On April 21, 1997, the Legislature of Ontario, after much heated debate, merged six city and borough governments with the government of the Municipality of Metropolitan Toronto, thereby creating a single municipal government to provide local services to over two million people (City of Toronto Act, 1997).1 The large size and entirely urban character of this new municipality, plus the rather vocal opposition to the idea of merger, 2 led to the new City of Toronto being dubbed ‘megacity’.
Since then, a number of other municipalities of varying sizes have been merged throughout Canada, including most of the municipalities in the Province of Quebec and several in the Halifax area of Nova Scotia. So heated was the debate over merger in Quebec that two years after the law came into effect and merger had been completed, the idea of merger was still an identifiable campaign issue in the provincial election of 2003 and a subsequent vote on demerger was held in 2004.
Whether or not the merger trend will continue to spread across Canada, or to other countries, or whether the move in the future will be to follow the example of several Quebec cities and demerge, it is clear that the debate is far from over. It is therefore important that the implications of merger/demerger are properly understood. One of the areas most in need of analysis is the representational question, as elected municipal councils are one of the institutions being merged.
With the last election held on November 10th 2003, Toronto has now had three elections for its megacity council 3, thereby allowing us to examine and draw some conclusions about incumbency and voter turnout in Canada’s largest city, the single-tiered Canadian m’egacity’ of Toronto.
There are two arguments that are relevant to the representational question. Verba and Nie (1972) have suggested that smaller municipal structures might be more effective because people are more likely to know one another and to know the candidate in small communities, thereby creating a direct link between political representation and the sense of community, something that will decline in large, complicated and impersonal cities. On the other side of the debate, Milbrath (1977) has suggested that voter involvement might be higher in large cities because of the excitement generated by larger election campaigns in a concentrated urban environment.
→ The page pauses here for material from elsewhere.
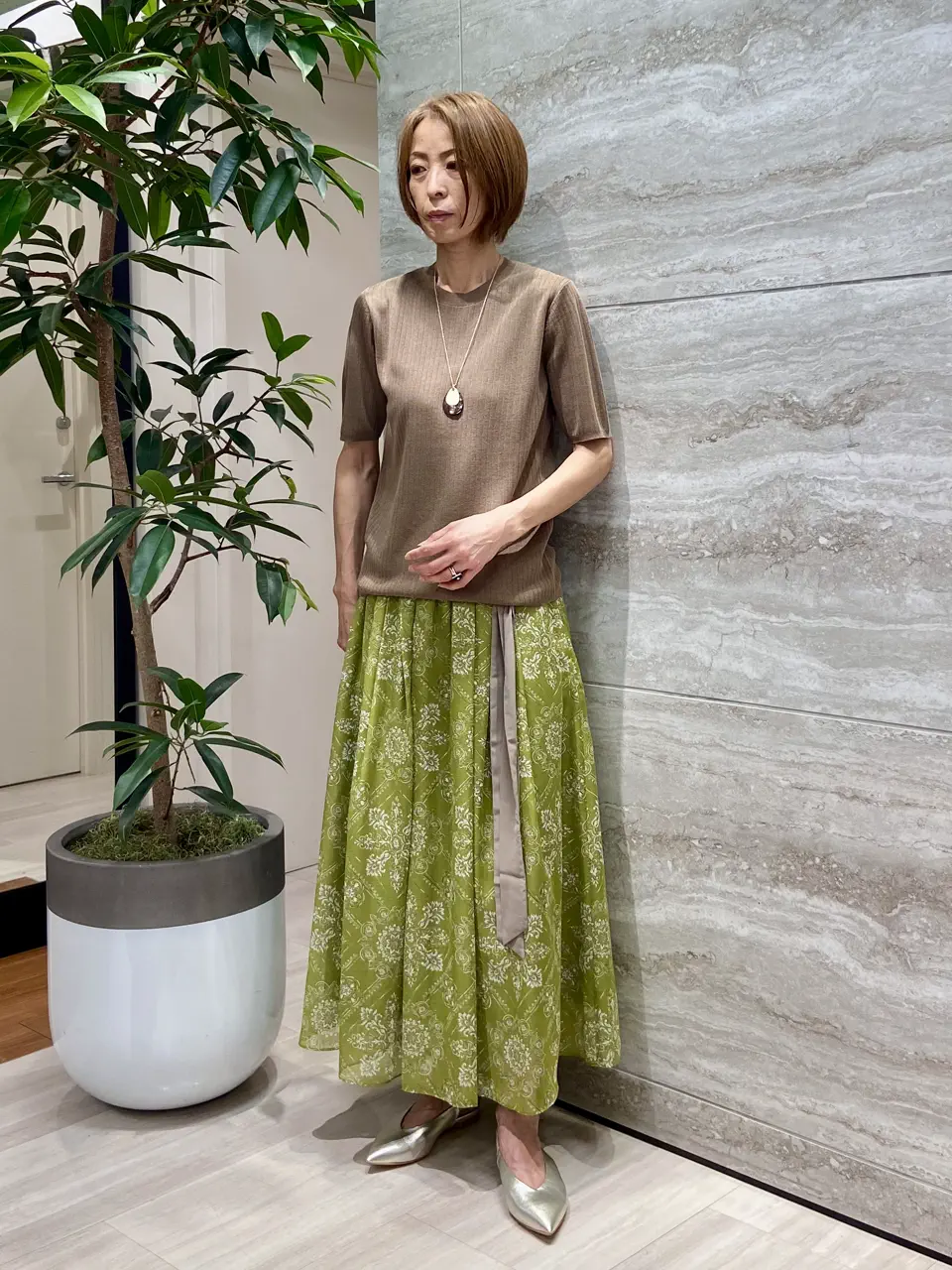 自由区 Ishii コーディネート画像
Increased media, more resources and professional political communication strategies would combine to mobilize and connect voters to their elected representatives.
Since then, most of the evidence supports Verba and Niei’s contention that voters in the large municipalities will be less engaged. In particular, Kushner, Siegel and Stanwick (1997) found in the province of Ontario that voter turnout was lower, and incumbents had an increasing electoral advantage, the larger the municipality. In fact, they went so far as to suggest that the ‘lower voter turnout that accompanies increased municipal size supports a political argument against consolidation’ (542). It is therefore expected that voter turnout will be lower for the megacity of Toronto than it was for the former municipalities.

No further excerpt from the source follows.